Рис. Битва Таира и Миналюто в заливе Данноура. Художник Цукиока Ёситоси.
Советы дилетанта: Истории о вернувшихся утопленниках не такая уж и редкость в мировом фольклоре. Утонувший человек, который не может покинуть местность, где он пошёл ко дну, — вполне обычный (если можно так сказать) герой страшных историй. Причём герой довольно мстительный по отношению к живым, просто в силу того, что они живые. Интересно, что в некоторых глухих северных районах существовало поверье, что тонущего лучше бы и не спасать: водяной разозлится, что отняли добычу, и тут уж добра не жди. Правда, ясно и то, что оставшийся без помощи человек, утонув, тоже будет настроен очень недружелюбно, так что и тут уж добра не жди. Такой вот метафизический парадокс.
В нашем случае обыватели, сами того не зная, конечно, оказались пленниками этой неразрешимой ситуации. В роли некой высшей силы, способной на разрушительный гнев, выступил не водяной, а центральное правительство. В роли разгневанных утопленников выступили герои, утонувшие в море. Гнев последних оказался более постоянным, чем гнев сёгуната. Во второй половине XIX века революция Мейдзи покончила и с сёгуном, и со всей системой власти сёгуната Токугава, превратив их в страничку истории. Но двадцать пять мёртвых храбрецов продолжили каждый год исправно посещать родной остров и искать встречи с потомками тех, кто когда-то не пожелал протянуть руку помощи. Согласно легенде, этот день приходится на двадцать четвёртое января, если говорить применительно к нашему календарю. Те, кто достаточно рассеян, чтобы оказаться на улице в эту ночь, пропадают без следа либо возвращаются совершенно помешавшимися.

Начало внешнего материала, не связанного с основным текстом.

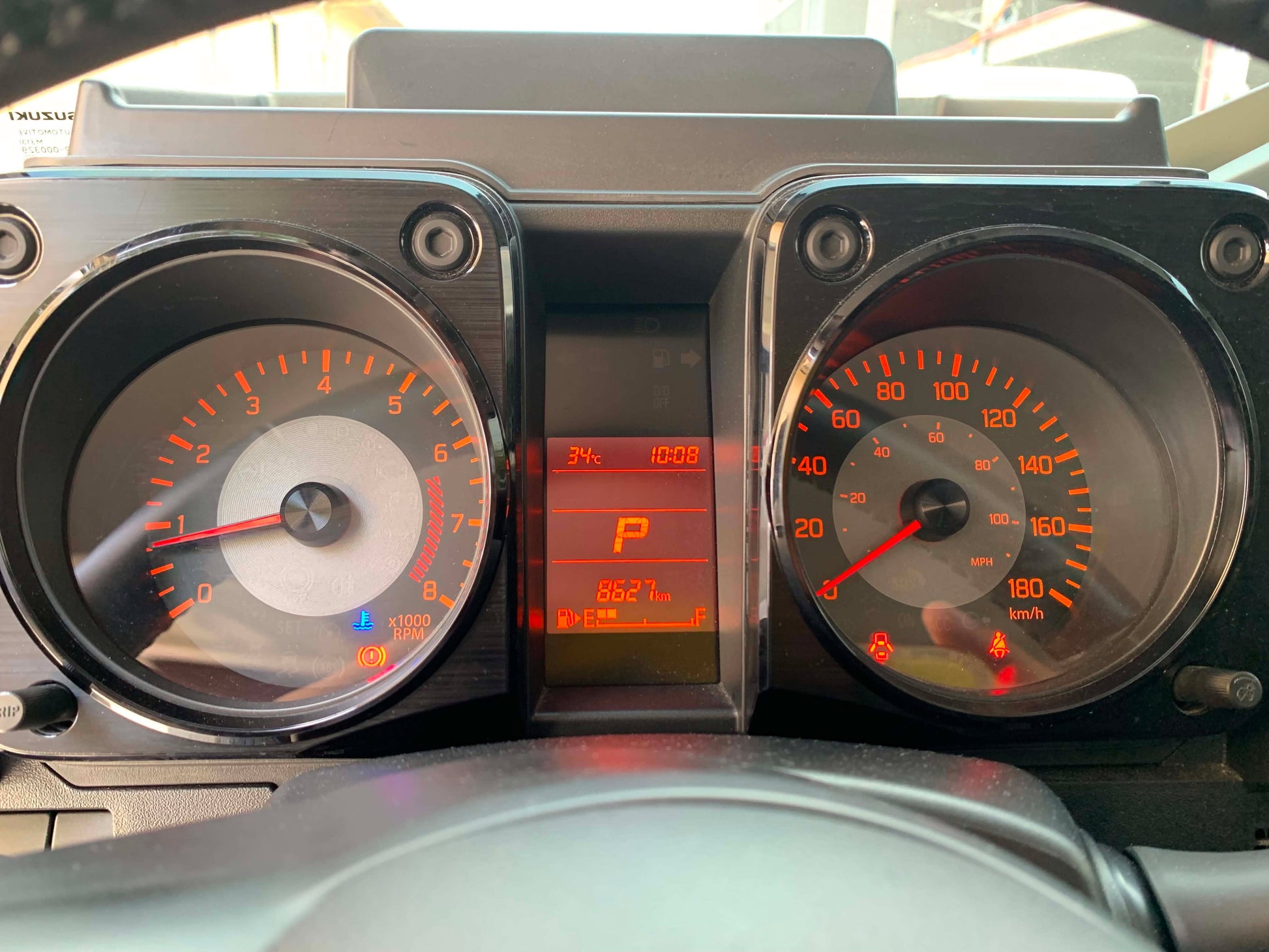 2021 SUZUKI JIMNY 1.5L GLX 3DR AUTOMATIC TRANSMISSION Gold Aces Car Display Center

Надо отметить, что наши герои напоминают знаменитых морских призраков фунна-юрей, также крайне недружелюбно настроенных к живым и стремящимся потопить встречного. Но если с обычным призраком утопленника можно схитрить, всучив ему дырявый ковш (всем известно, что фунна-юрей клянчат ковш, чтобы с его помощью залить водой лодку), то двадцать пять мёртвых мятежников не размениваются на такие мелочи. Они не топят лодки, но тому, кто встретит их на суше, от этого не легче: никакой торг тут решительно невозможен.